Les principales modalités de la convention d’honoraires
[10] Les principales modalités de la convention d’honoraires sont les suivantes :
L’article 3 prévoit que le Canada versera aux avocats du recours collectif la somme de 8 392 619,11 $ en fiducie pour les honoraires d’avocat, les débours et les taxes applicables pour les services rendus lors de l’introduction et de la poursuite du recours collectif entre 2012 et le 28 février 2021 (les honoraires antérieurs).

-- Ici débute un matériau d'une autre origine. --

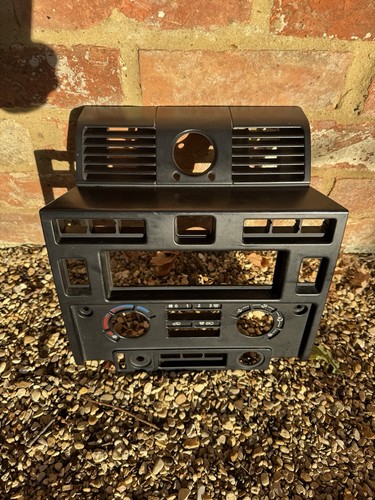 Land rover defender tdci - land, dash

L’article 4 prévoit que le Canada versera aux avocats du recours collectif, en guise d’honoraires pour la négociation et la mise en œuvre, la somme de 1 200 000,00 $ en fiducie pour les honoraires d’avocat, les débours et les taxes applicables pour les services rendus pendant la négociation et la mise en œuvre de la convention de règlement entre le 1er mars 2021 et la date de mise en œuvre. Ce versement doit être approuvé par la Cour; de plus, toute somme versée par le Canada aux avocats du recours collectif en guise d’honoraires pour la négociation et la mise en œuvre, y compris les intérêts courus, qui reste en fiducie après le paiement de ces honoraires, débours et taxes sera transférée au Fonds de revitalisation destiné aux anciens élèves externes.
L’article 5 prévoit que le Canada versera aux avocats du recours collectif, en guise d’honoraires pour le réexamen, la somme de 2 500 000,00 $ en fiducie pour les honoraires d’avocat, les débours et les taxes applicables pour les services juridiques rendus relativement aux demandes de réexamen des demandes d’indemnisation liée à la fréquentation d’externat qui ont été rejetées. Ce versement doit être approuvé par la Cour; de plus, toute somme inutilisée restant en fiducie sera transférée au Fonds de revitalisation destiné aux anciens élèves externes.
L’article 6 prévoit le versement d’une rétribution de 15 000,00 $ à chacun des huit représentants demandeurs désignés pour les groupes des survivants et des descendants, lesquelles sommes seront versées en fiducie aux avocats du recours collectif par le Canada. Les rétributions de Violet Catherine Gottfriedson et Frederick Johnson –tous deux décédés – seront remises aux membres de leur famille, suivant les conseils des représentants demandeurs qui leur sont apparentés.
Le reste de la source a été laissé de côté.